A location that holds data with a certain structure, organized into one or more resources.

If endpoints in an API are the resources, then the API is the source.
If tabs in a spreadsheet are the resources, then the spreadsheet is the source.
If tables in a database are the resources, then the database is the source.

Within this documentation, source also refers to the software component (i.e., a Python function) that extracts data from the source location using one or more resource components.

Resource

A logical grouping of data within a data source, typically holding data of similar structure and origin.

If the source is an API, then a resource is an endpoint in that API.
If the source is a spreadsheet, then a resource is a tab in that spreadsheet.
If the source is a database, then a resource is a table in that database.

Within this documentation, resource also refers to the software component (i.e., a Python function) that extracts the data from the source location.

Destination

The data store where data from the source is loaded (e.g., Google BigQuery).

Pipeline

Moves the data from the source to the destination, according to instructions provided in the schema (i.e., extracting, normalizing, and loading the data).

A Python module distributed with dlt init that allows creating pipelines that extract data from a particular Source.
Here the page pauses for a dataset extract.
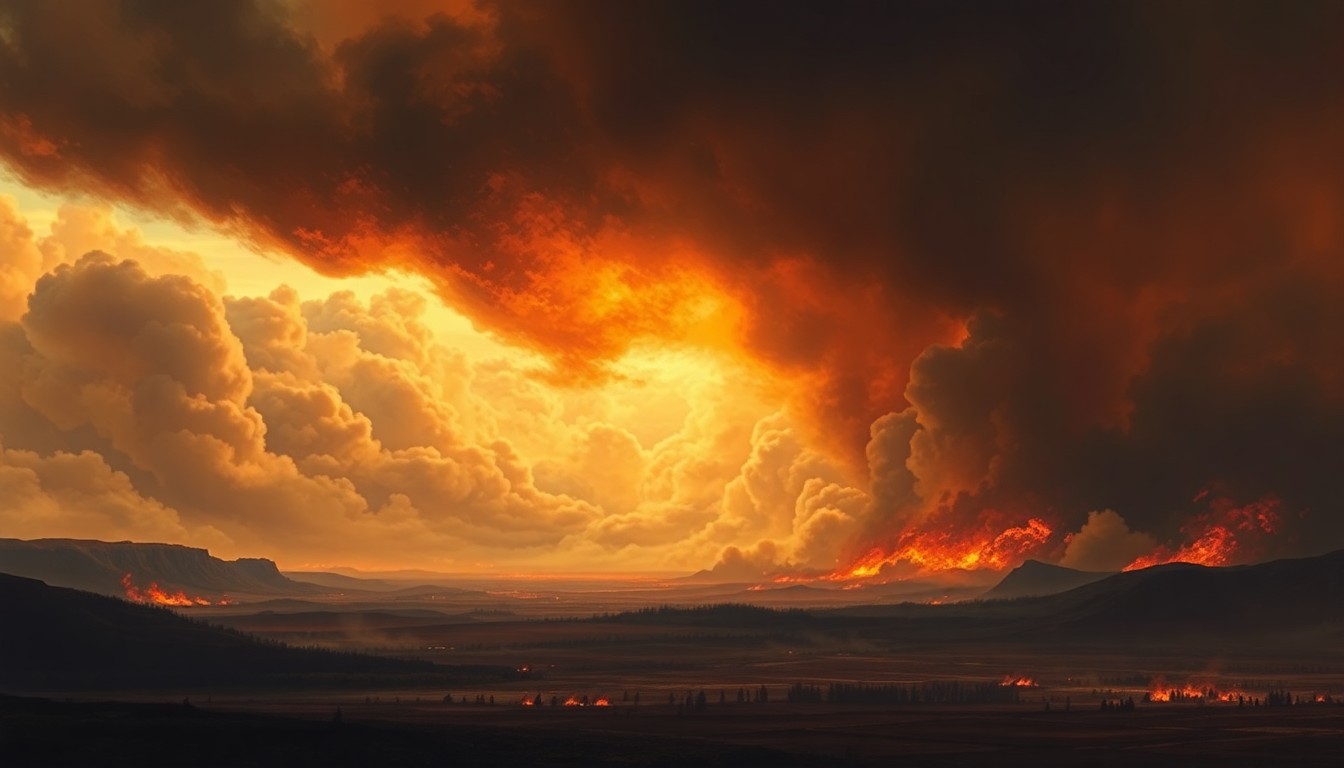 A vast, majestic landscape painting in muted tones, with a raging wildfire in the distance obscured by billowing smoke and haze, conveying the overwhelming scale and power of the natural disaster.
Such a module is intended to be published in order for others to use it to build pipelines.

A source must be published to become "verified," which means that it has tests, test data, demonstration scripts, documentation, and the dataset produced was reviewed by a data engineer.

Schema

Describes the structure of normalized data (e.g., unpacked tables, column types, etc.) and provides instructions on how the data should be processed and loaded (i.e., it tells dlt about the content of the data and how to load it into the destination).

Config

A set of values that are passed to the pipeline at runtime (e.g., to change its behavior locally vs. in production).

Credentials

A subset of configuration whose elements are kept secret and never shared in plain text.